First Memory

It opens with the kind of sunlight ambiguous to the time of day, bright but missing its usual warmth. I am on the back seat of my mother’s bicycle, and the rustling of weeping willow leaves fills my ears and eyes. As we hurtle forward we start picking up speed along the wind, almost daring it to race, and the streets around us are silent as we slide past.

The further we go, the tighter the silence closes in around us, until at last even the rattling of the wind in the trees fades to nothing. There is no more sound in my memory after this point.

I look down at my hands and contemplate the string connecting my black knitted mittens. I try pulling on it to separate them. Why does the idea of a single strand connecting both hands bother me so much? I will never remember. I look up now at my mom, who has never looked back, who is still pedaling forwards faster and faster until the streets around us sharpen into focus again and right as I recognize the front of my grandparent’s apartment we stop, and head inside.
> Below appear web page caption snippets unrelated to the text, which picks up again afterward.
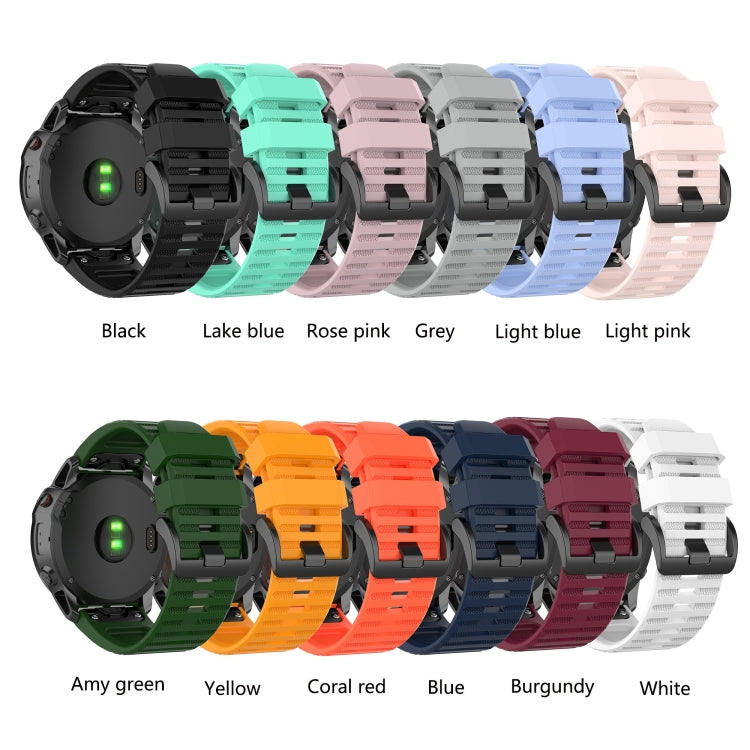 26mm Silicone Sports Strap, For Garmin Fenix 3 Sapphire Version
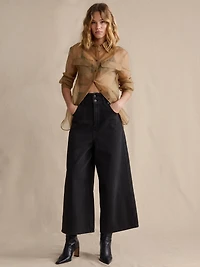 Ultra-High Rise Culotte Jean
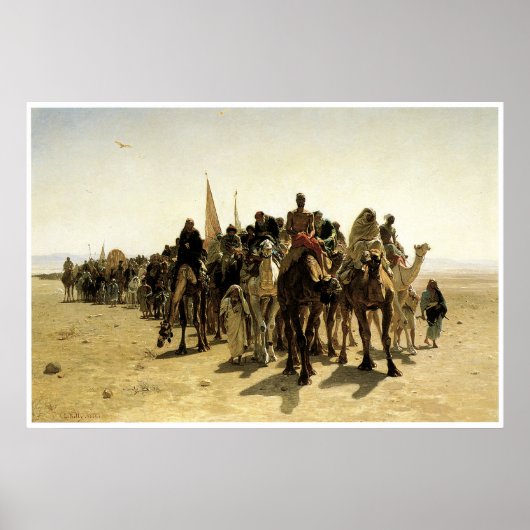 メッカへ行く巡礼者 ポスター (正面)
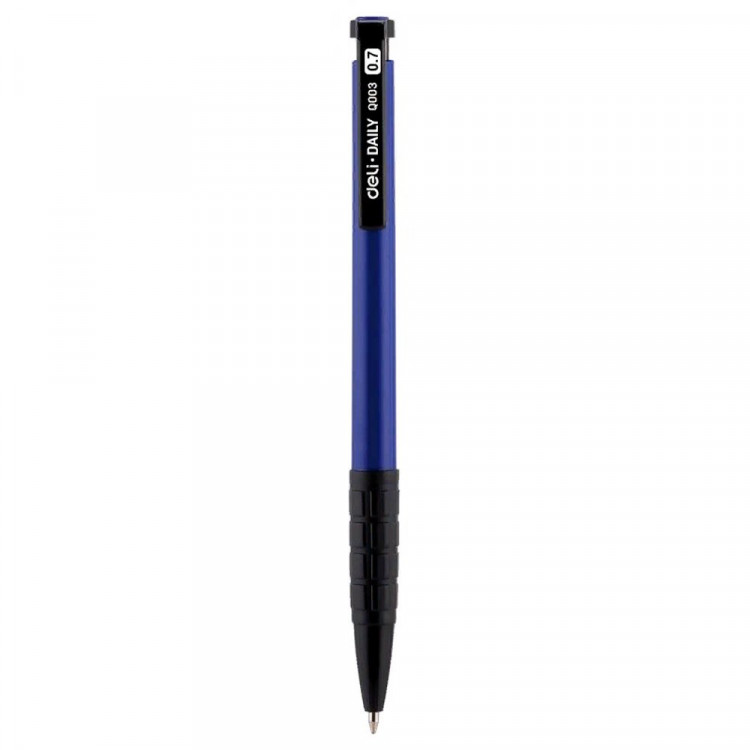 Ручка шариковая автоматическая Deli Daily непрозрачный корпус, синий/игла 0,5мм арт. EQ00330 (Ст.12)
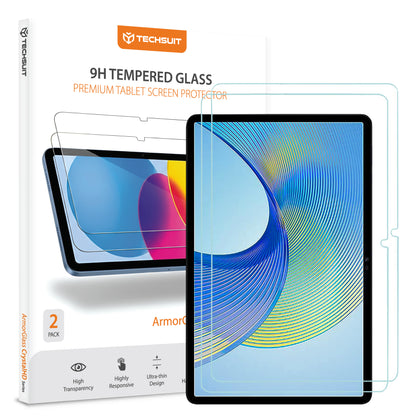 Techsuit ArmorGlass CrystalHD védőfólia Honor Pad X9a / X9 készülékhez, Edzett üveg, Teljes ragasztás, 2 darabos készlet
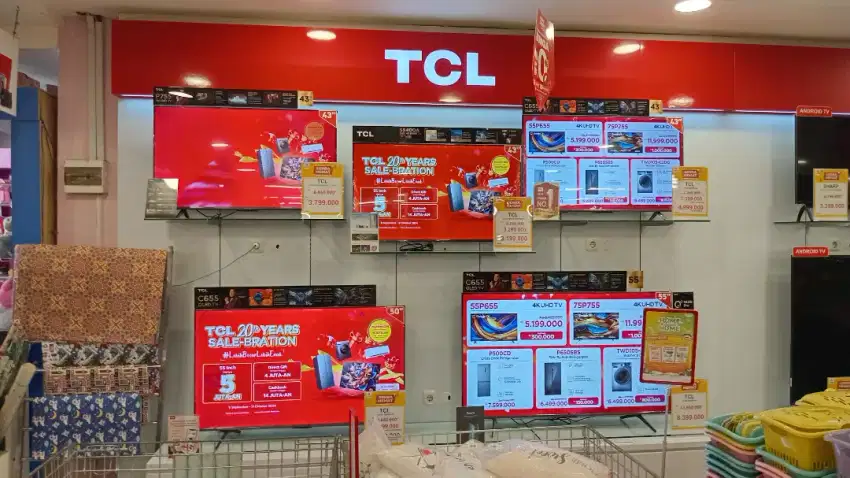 TV LED TCL 43,50,55,65INCH  SERI ANDROID,GOOGLE TV ,QLED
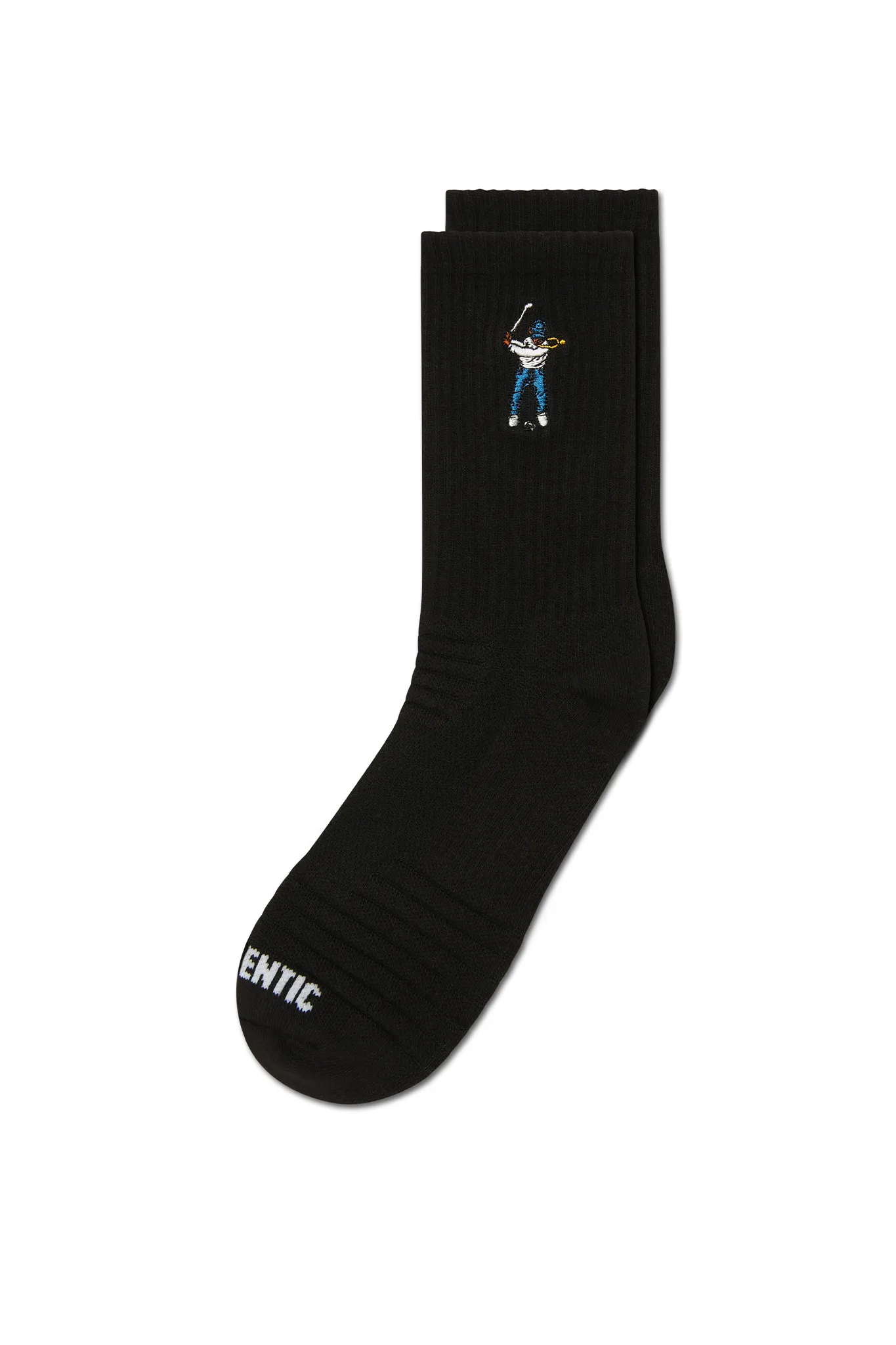 Calf Height Logo Socks Black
Inside, all the lights are turned off. I am sent to the back corner of the table, the one closest to the window, and everyone sits in silence, cast against the increasingly sepia light that leaks in. I turn away to look outside. The sky darkens as the wind picks up, and as it does, hurtling dust and leaves in increasingly erratic spasms, it feels as if even time is speeding up. As the procession ends there is nothing left but a wall of sediment from the Yellow River mixed with factory fumes, a tawny chimera irrevocably marching forwards, conquering more and more of the sky.